If there are multiple solutions, output any of them.

 

Sample Input

4
1 5 2
4 1
3 3 4
1 2 2 4
2 3 3
2 2 2
3 2 3
2 2 2

 

Sample Output

Case #1:
NO
Case #2:
YES
4 3 4
2 1 2
4 3 4
Case #3:
YES
1 2 3
2 3 1
Case #4:
YES
1 2
2 3
3 1

 

题意：给一个N*M的格子，给出K种颜色以及每种颜色的数目，保证数目和相加 = N*M，求一种方案使得上下左右相邻的格子颜色都不相同。

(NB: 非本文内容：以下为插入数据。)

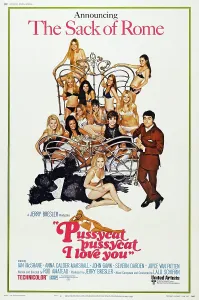 Images Dated 26th February 2014: PUSSYCAT, PUSSYCAT, I LOVE YOU, US poster, Ian McShane (standing right), 1970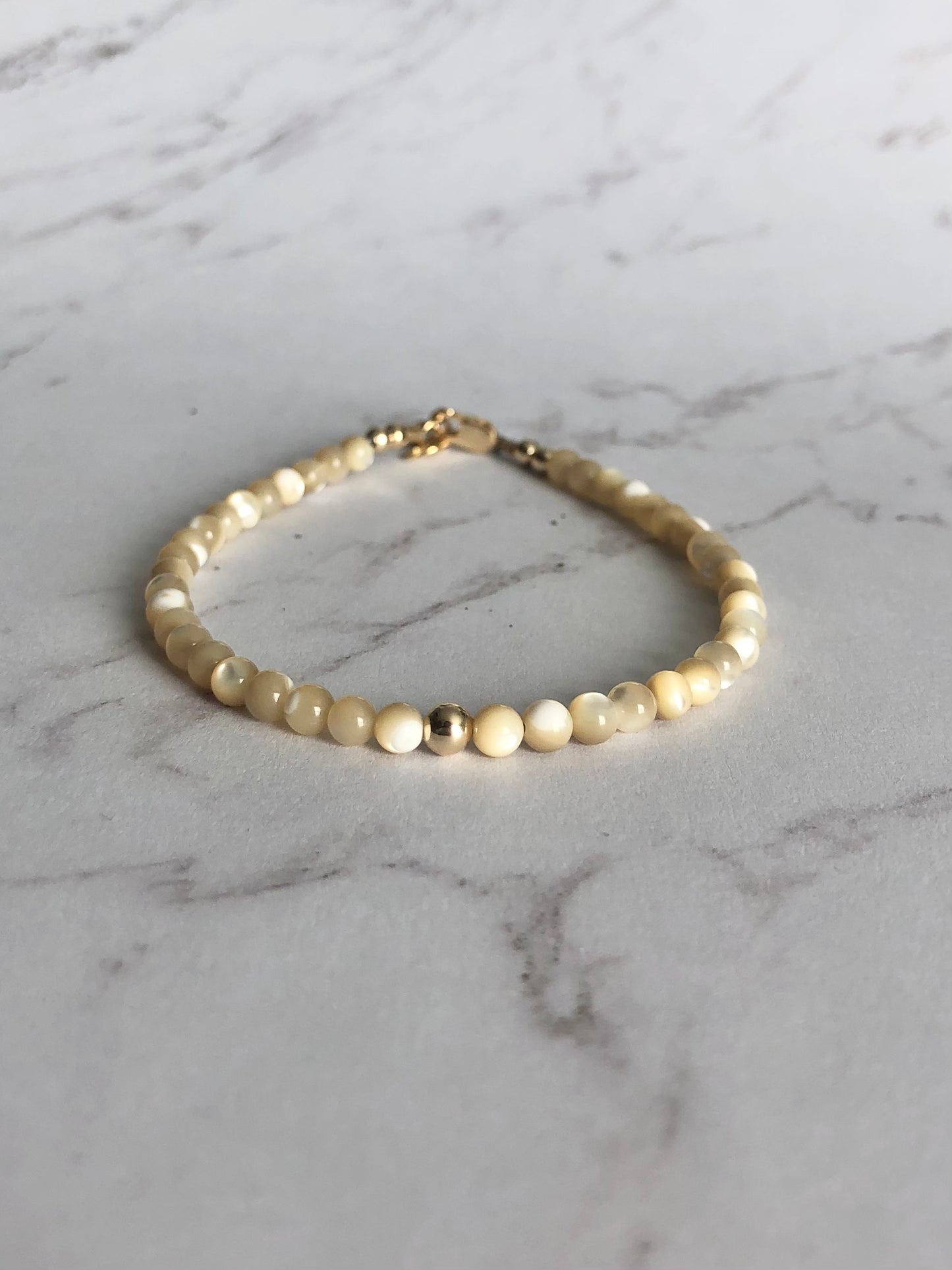 Mother of Pearl Solo Bracelet (2 available)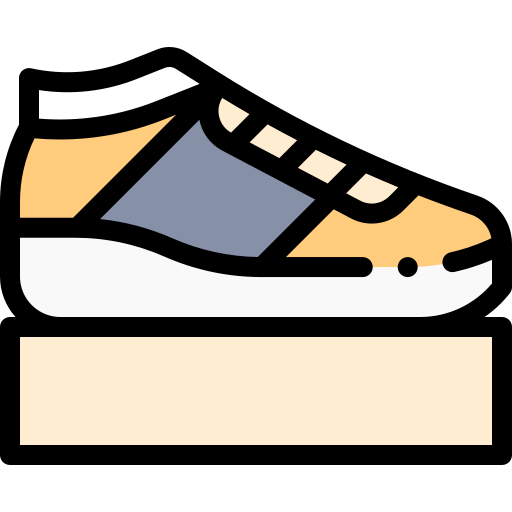 sapatos esportivos Detailed Rounded Lineal color Ícone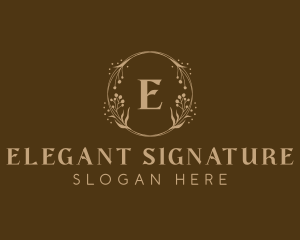 Elegant Wreath Decor logo design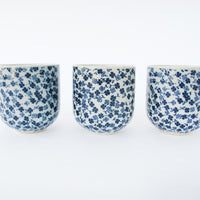Set of 3 Pier One Japanese Floral Design Tea Cups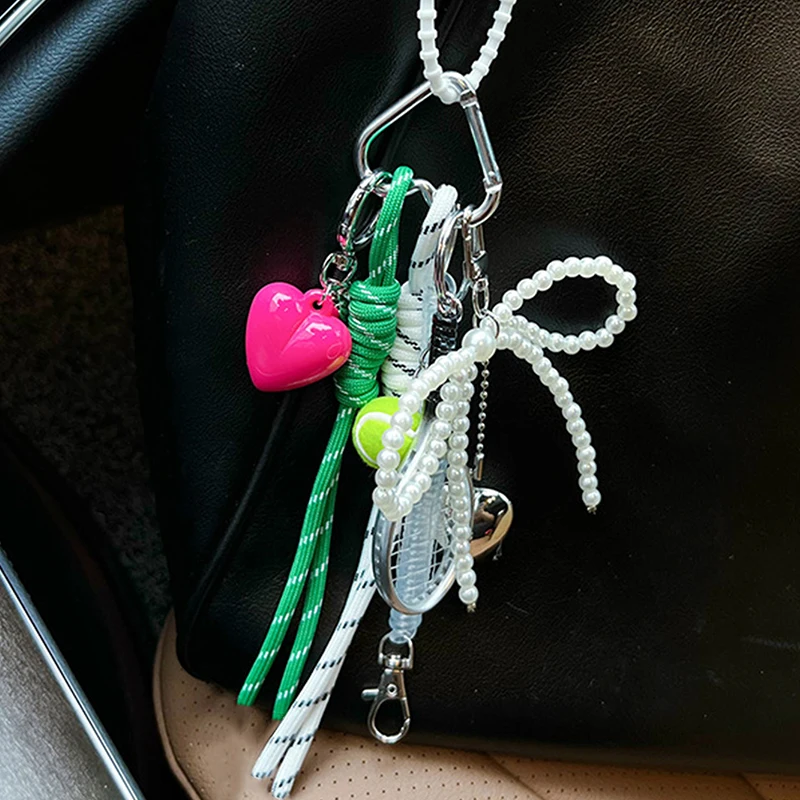 Handmade Baseball Personalized Keychain Creative Simple Diy Rope Pendant Y2k Tassels Trendy Accessory Gifts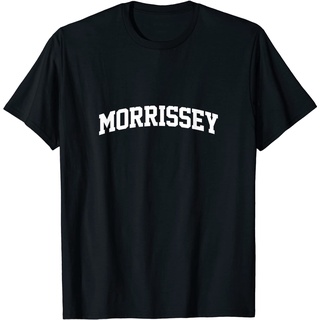 เสื้อยืดโอเวอร์ไซส์เสื้อยืด พิมพ์ลาย Morrissey Name Family สไตล์วินเทจ เรโทร สําหรับครอบครัวS-3XL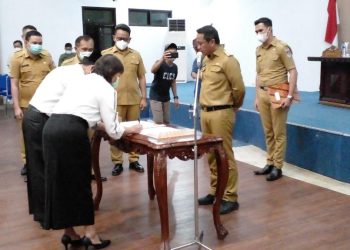 Alasan Sakit Kaki, Wabup tak Hadir Dipelantikan Pejabat Boltim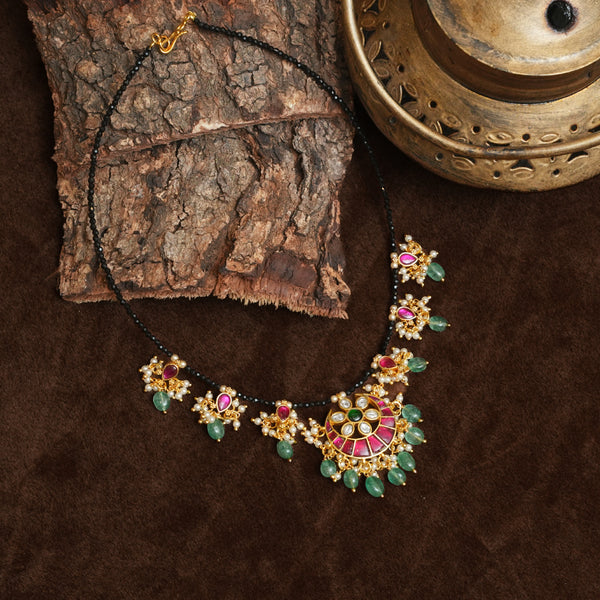 Kundan Black beads 113335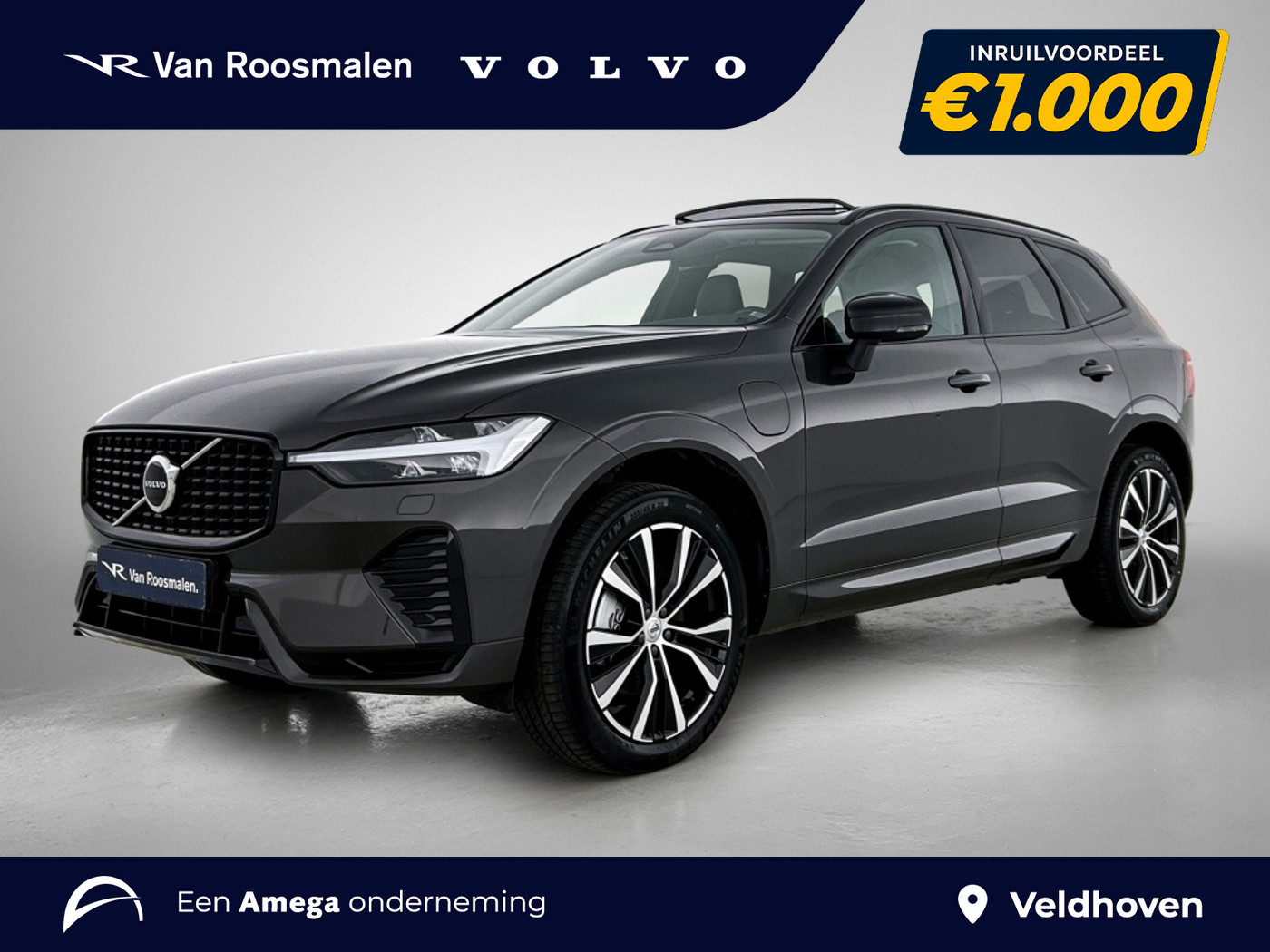 Volvo Xc60 T8 Plus | Pano | Long Range | 20 inch | Camera | Pilot Assist | 2023 - voorkant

思路：将颜色数目从大到小排序，记录每种颜色的id，找到一种解就返回。

wa了无数发，怀疑人生一中午，然后发现没有记录颜色id  orzzzzzzz  简直.............

#include <stdio.h>
#include <math.h>
#include <string.h>
#include <algorithm>
#include <queue>
#include <iostream>
#include <assert.h>
#define INF 0x3f3f3f3f
using namespace std;
typedef long long ll;
#define PI acos(-1.0)
const int M = 4e2 + 10;

int n, m, k;
int ans[8][8];
struct node
{
int id;
int cnt;
}color[30];

bool cmp(node a, node b)
{
return a.cnt < b.cnt;
}

bool dfs(int x, int y)
{
if (x == n + 1) return true;
if (y == m + 1) return dfs(x + 1, 1);
for (int i = k; i >= 1; i--) {
if (!color[i].cnt) continue;
if (ans[x-1][y] == color[i].id || ans[x][y-1] == color[i].id) continue;
color[i].cnt--;
ans[x][y] = color[i].id;
if (dfs(x, y + 1)) return true;
color[i].cnt++;
}
return false;
}

int main()
{
int T;
cin >> T;
for (int tt = 1; tt <= T; tt++) {
memset(ans, 0, sizeof(ans));
memset(color, 0, sizeof(color));
scanf("%d%d%d", &n, &m, &k);
for (int i = 1; i <= k; i++) {
scanf("%d", &color[i].cnt);
color[i].id = i;
}
sort(color + 1, color + 1 + k, cmp);
printf("Case #%d:\n", tt);
if(color[k].cnt > (n * m + 1) / 2){
printf("NO\n");
continue;
}
if (dfs(1, 1)) {
printf("YES\n");
for (int i = 1; i <= n; i++) {
for (int j = 1; j <= m; j++) {
if (j == m) printf("%d\n", ans[i][j]);
else printf("%d ", ans[i][j]);
}
}
}
else printf("NO\n");
}
return 0;
}